Admiral Sweet nodded, “Understood Captain. Increase acceleration, I don’t believe getting caught would be in our best interests just now.”

She nodded, though it was counter to previous orders. They’d been trying to get closer to these puppies for days, playing cat and mouse with them in the shadows of the Hayden Primary. Now that they had some real intel on board, of course it was the time the puppies would decide to play wolf.

She opened a ship wide comm, “All hands, this is the Captain. Prepare for acceleration, One Gee. I say again, prepare for acceleration, One Gee.”

“Helm, engage one gee acceleration in two minutes.
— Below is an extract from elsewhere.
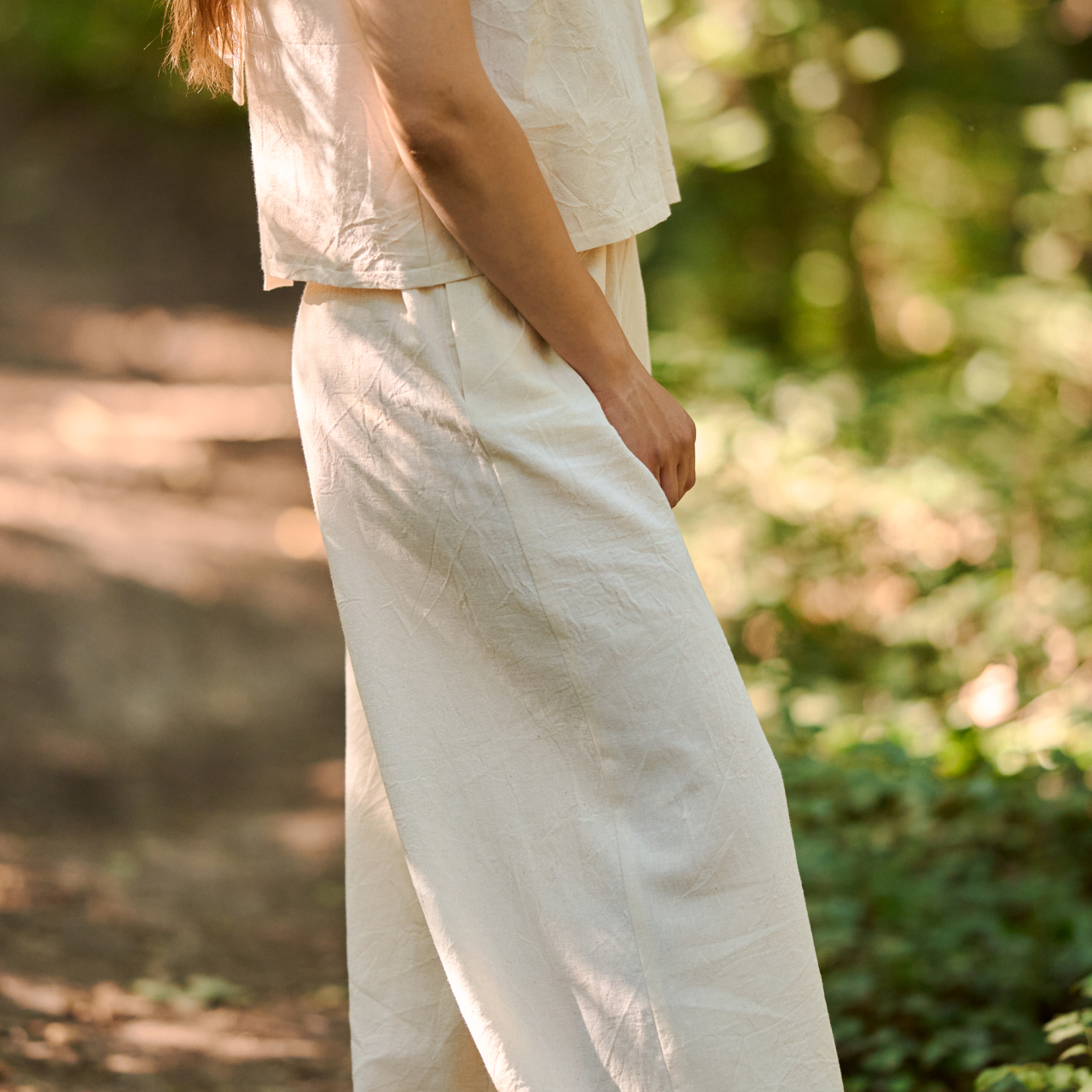 Pantaloni lungi lejeri de vara natur [4]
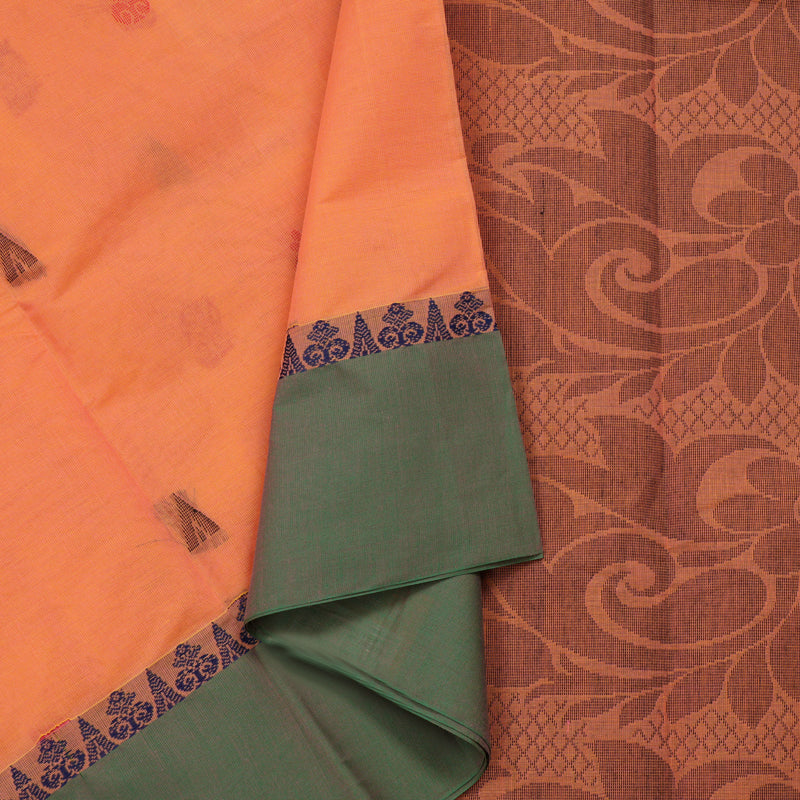 Hayagrivas Handloom Pure Cotton Saree in Eye-catching Dual Tone (Yellow With Pink) KBE103D7-2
Tactical, where’s my track!?”

“On screen!”

She looked over to the left hand screen built into her console and frowned. The three unidentified ships were coming up behind them, and they had the speed advantage for the moment, but they were pouring on the acceleration.

“Are these numbers right!?”

“Aye Ma’am!” Ensign Soru yelled from the tactical station. “Triple checked. One hundred Gees, Ma’am.”

Kay swallowed, her lips suddenly dry. One hundred gravities of acceleration would knock most of her crew out, maintaining it over any real period of time would kill them. She licked her lips, suddenly shaking her head. “Great. We’re being chased by a science fiction nightmare.”

Luckily no one heard her or responded if they did.

“Helm, Belay last order. Prepare for emergency acceleration.” She called out, slapping open the ship wide again. “All hands, all hands, prepare for emergency acceleration. I say again, emergency acceleration. Check that all loose items are battened down, you have three minutes.”